Some patients notice improvements the same day; many notice changes within 24–72 hours after a treatment. Improvements can include significant relief of depressive symptoms and, in some studies, reductions in suicidal thoughts—particularly with IV ketamine. This is faster than what we typically observe with standard oral antidepressants, where clear benefits more often build over weeks.
More detailed information
Important context to know first
Most ketamine/esketamine trials below enrolled people with treatment-resistant depression (TRD). Your experience and outcome may differ if you’re not in that specific group.
In any clinical study, some people improve even without the active medicine (the placebo effect or simply getting better over time). Keep that in mind when you look at percentages, because the placebo response was variable from study to study. That said, in all of these examples, the outcomes listed were statistically significant (<5% likelihood the difference was due to chance).
Comparative timing for ketamine, esketamine, and traditional antidepressants
24–48 hours
IV ketamine: About 64% responded by 24 hours.
Intranasal esketamine while also taking an oral antidepressant: By ~48 hours, roughly 17% met response criteria.

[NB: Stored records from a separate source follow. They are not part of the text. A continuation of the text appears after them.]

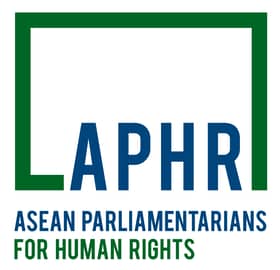 Asean Parliamentarians issue open letter on Myanmar political impasse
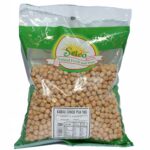 Selco Chick Peas 9mm 1kg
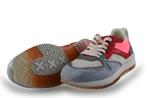 Scotch & Soda Sneakers in maat 38 Overig | 10% extra korting, Kleding | Dames, Schoenen, Overige kleuren, Verzenden, Scotch & Soda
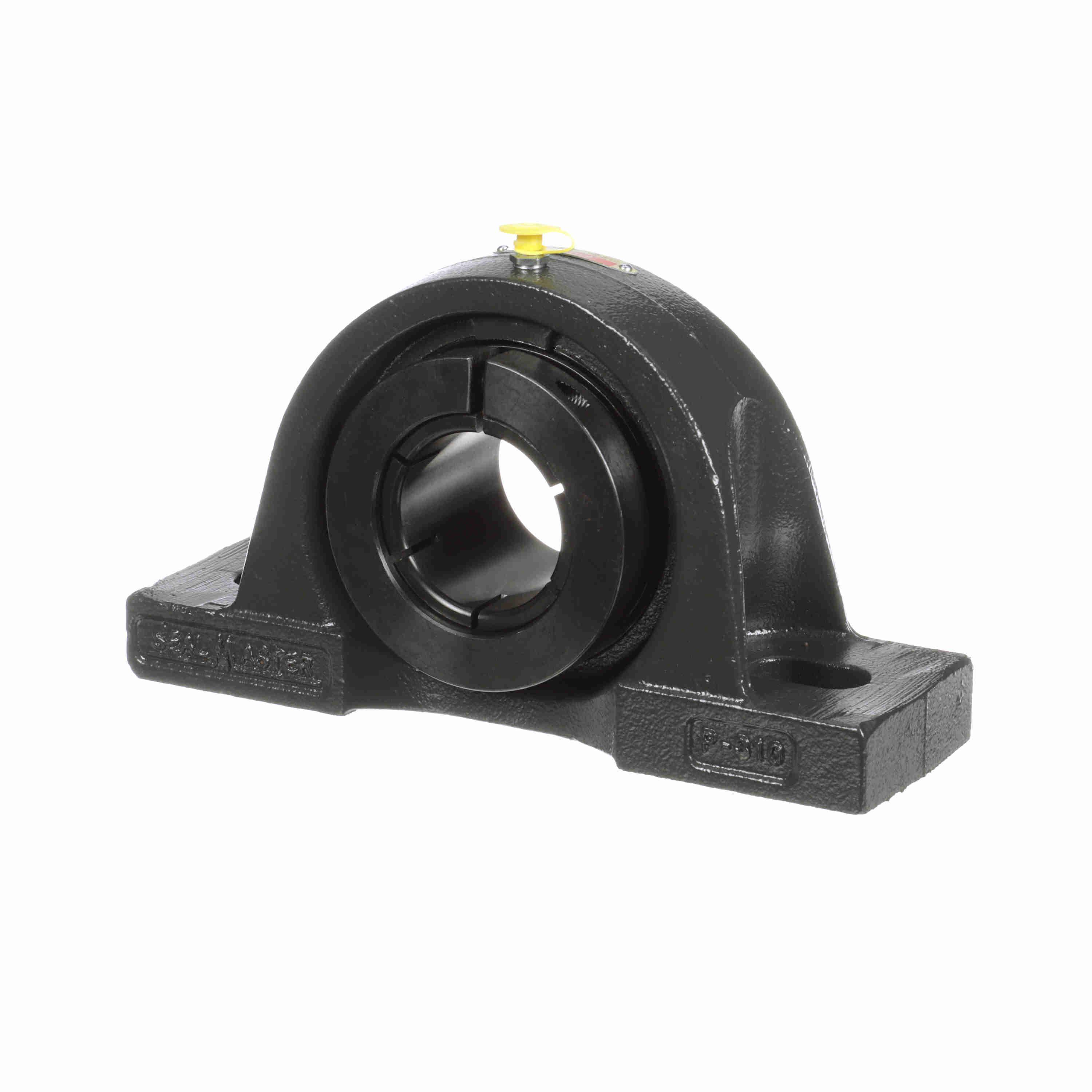 Sealmaster&reg; 705857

Oral antidepressants: Rare to achieve a full response this early; the first meaningful improvement often begins around week 1.
Week 1
IV ketamine: After a single infusion, many people who improve in the first day are still better at one week; across studies, roughly 35–40% still meet response criteria at Day 7.
Esketamine: More patients begin to respond significantly as doses add up.
Oral antidepressants: The first clear improvement is often noticeable by about week 1, though many people still have modest (not robust) changes at that point.
Weeks 2–4 (end of "induction" phase)
IV ketamine: ~60–70% by 2–3 weeks (after generally 6 treatments).
Esketamine + oral antidepressant: ~46–61% respond at Day 28 (after about 8 treatments).
Oral antidepressants: At 4 weeks, many are still improving; by 6–8 weeks, about 50% respond.
Thank you for reading. More ketamine/esketamine information to follow soon . . .
Please remember that the medical information on this page is educational and not a substitute for personalized medical advice.